Remote identification by crypto asset service providers

With the temporary Article 1 added to the Communiqué No. 19 on 25.12.2024, it was regulated that until the legislation regarding the main field of activity of the Obligor allows the establishment of contracts with methods that will allow the verification of the identity of the customer without coming face to face, crypto asset service providers will carry out remote identification in the establishment of a permanent business relationship with their real person customers within the scope of the methods and general principles regulated in the second part of the Communiqué No. 19 and the measures determined in the fourth part, and will verify the address and identity information received within the scope of identification, such as name, surname, date of birth and Turkish Republic identity number, through the identity sharing system database of the General Directorate of Population and Citizenship Affairs of the Ministry of Interior.

On the other hand, with the regulation that came into force on 25.12.2004;

It is regulated that crypto asset service providers who mediate the purchase, sale or storage of privacy-based crypto assets cannot perform remote identification.

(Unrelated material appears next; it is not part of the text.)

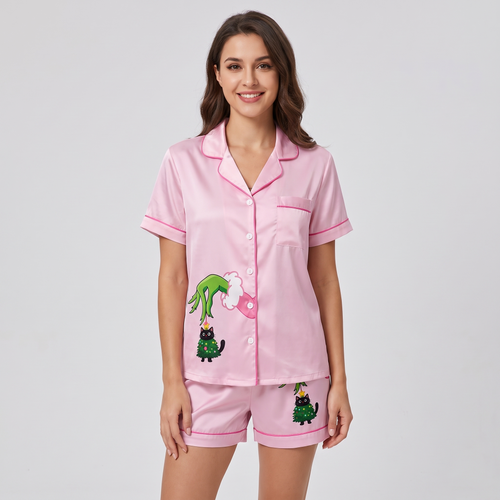 Mean One Kitty Inspired Women's Pajama Set - short sleeve and shorts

In addition, it has been made mandatory that deposits and withdrawals to the crypto asset service provider, including the first financial transaction in the establishment of a continuous business relationship, are made through a bank or credit card account compatible with the customer’s identity information.

Administrative Fines

If the obliged parties fail to comply with the matters specified in the Communiqué regarding remote identification and customer recognition, the penalties stipulated in Law No. 5549 will be applied.

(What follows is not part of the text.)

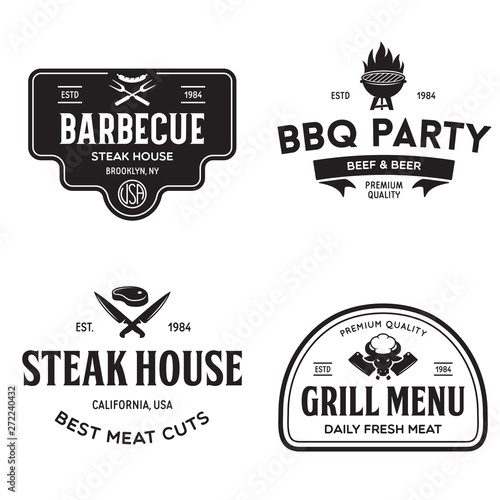 Steak House, barbecue, bbq party, restaurant logo templates. Collection elements for grill menu design.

As is known, in recent years, fines for breach of obligations have increased both in lump sum and have been significantly increased by being subject to a lower limit of at least 5% of the transaction amount. For financial liable parties, administrative fines in 2025 will be no less than 5% of the transaction amount; 453,160 TL for KYC violations and 755,400 TL for suspicious transaction reporting violations.

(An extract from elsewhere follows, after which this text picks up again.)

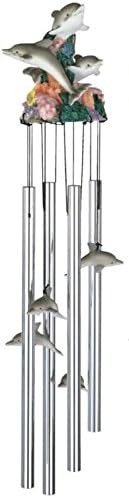 StealStreet SS-G-41535 Round Top Dolphin Hanging Garden Porch Decoration Decor Wind Chime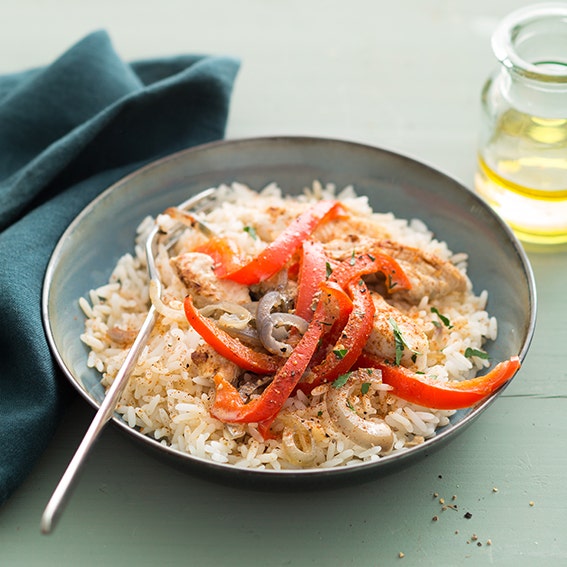 Sauté de dinde au riz et paprika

In a situation where financial crimes, sanctions, administrative fines, freezing of assets and blocking of bank accounts are increasing and MASAK’s efforts in the fight against financial crimes are accelerating, liable parties must now analyze the transactions they mediate with more data on a risk basis. Technological opportunities such as remote identification enable taxpayers to have more data. While these opportunities make their jobs easier, they also increase their responsibilities such as detecting suspicious transactions through more data.